The problem. Vendor pipelines get you from a Xenium run to a cell-by-gene matrix, but they don’t tell you whether to trust it, or what to check before analysis. This paper is the independent best-practice workflow — the QC discipline a facility needs and vendors under-specify.

The idea. It lays out quality assessment and an analysis workflow specific to Xenium in-situ data: evaluating transcript detection and background, assessing segmentation quality (the step where transcripts get assigned to cells — the dominant error source in imaging assays), filtering low-quality cells, and the normalization/clustering/annotation choices that follow, with the pitfalls called out at each stage. The through-line is that imaging-assay QC is different from sequencing-assay QC, because the failure modes (missegmentation, transcript misassignment, optical crowding) are different.

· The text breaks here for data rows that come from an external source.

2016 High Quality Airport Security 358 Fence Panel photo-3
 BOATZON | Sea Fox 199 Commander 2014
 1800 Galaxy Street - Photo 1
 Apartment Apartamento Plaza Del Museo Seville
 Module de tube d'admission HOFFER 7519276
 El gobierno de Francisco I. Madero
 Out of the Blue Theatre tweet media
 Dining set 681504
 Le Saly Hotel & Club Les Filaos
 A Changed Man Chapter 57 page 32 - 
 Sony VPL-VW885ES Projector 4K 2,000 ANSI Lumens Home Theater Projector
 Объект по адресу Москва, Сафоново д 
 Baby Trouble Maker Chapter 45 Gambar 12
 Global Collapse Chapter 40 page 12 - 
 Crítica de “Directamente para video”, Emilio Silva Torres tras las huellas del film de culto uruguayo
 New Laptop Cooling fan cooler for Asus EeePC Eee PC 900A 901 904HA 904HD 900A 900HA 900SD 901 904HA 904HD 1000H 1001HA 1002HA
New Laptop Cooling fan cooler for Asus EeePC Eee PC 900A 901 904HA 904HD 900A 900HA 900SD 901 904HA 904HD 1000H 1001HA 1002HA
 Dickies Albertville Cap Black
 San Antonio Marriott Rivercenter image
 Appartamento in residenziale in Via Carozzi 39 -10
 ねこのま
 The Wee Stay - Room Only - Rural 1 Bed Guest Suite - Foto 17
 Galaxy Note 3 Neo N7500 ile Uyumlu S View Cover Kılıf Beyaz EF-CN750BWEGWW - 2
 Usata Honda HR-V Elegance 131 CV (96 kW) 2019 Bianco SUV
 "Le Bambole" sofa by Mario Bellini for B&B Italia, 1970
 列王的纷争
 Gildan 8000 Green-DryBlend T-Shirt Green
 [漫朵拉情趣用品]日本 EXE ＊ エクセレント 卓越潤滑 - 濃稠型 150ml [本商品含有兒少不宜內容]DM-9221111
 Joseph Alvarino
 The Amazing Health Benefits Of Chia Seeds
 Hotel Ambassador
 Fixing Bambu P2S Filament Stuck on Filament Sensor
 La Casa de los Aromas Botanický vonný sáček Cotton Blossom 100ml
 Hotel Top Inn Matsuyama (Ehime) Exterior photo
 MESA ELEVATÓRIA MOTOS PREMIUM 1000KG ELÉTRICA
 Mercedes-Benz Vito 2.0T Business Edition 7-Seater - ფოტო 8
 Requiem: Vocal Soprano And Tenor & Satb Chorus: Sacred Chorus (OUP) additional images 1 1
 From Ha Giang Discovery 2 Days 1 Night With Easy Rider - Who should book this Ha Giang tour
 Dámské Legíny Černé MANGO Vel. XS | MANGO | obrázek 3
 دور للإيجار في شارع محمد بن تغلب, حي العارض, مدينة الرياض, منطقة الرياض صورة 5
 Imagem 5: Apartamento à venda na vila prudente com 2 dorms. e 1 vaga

Why it matters. This is the paper I’d turn into a personal one-page workflow — “here’s how I’d analyze a Xenium dataset end to end, and here’s what I’d QC first.” That deliverable is precisely what a spatial core facility values: a reproducible, defensible pipeline with the checks made explicit. It also reinforces that segmentation is the make-or-break step, which is where the next two days of the reading list are headed.

Verdict. Being platform-specific (Xenium) is both its strength and its ceiling — the QC principles generalize, but the specifics won’t all transfer to MERSCOPE or CosMx, and chemistry updates will move details. Read it for the workflow skeleton and the QC mindset, then adapt. My plan: reproduce its checklist on a public Xenium dataset and post the worked version.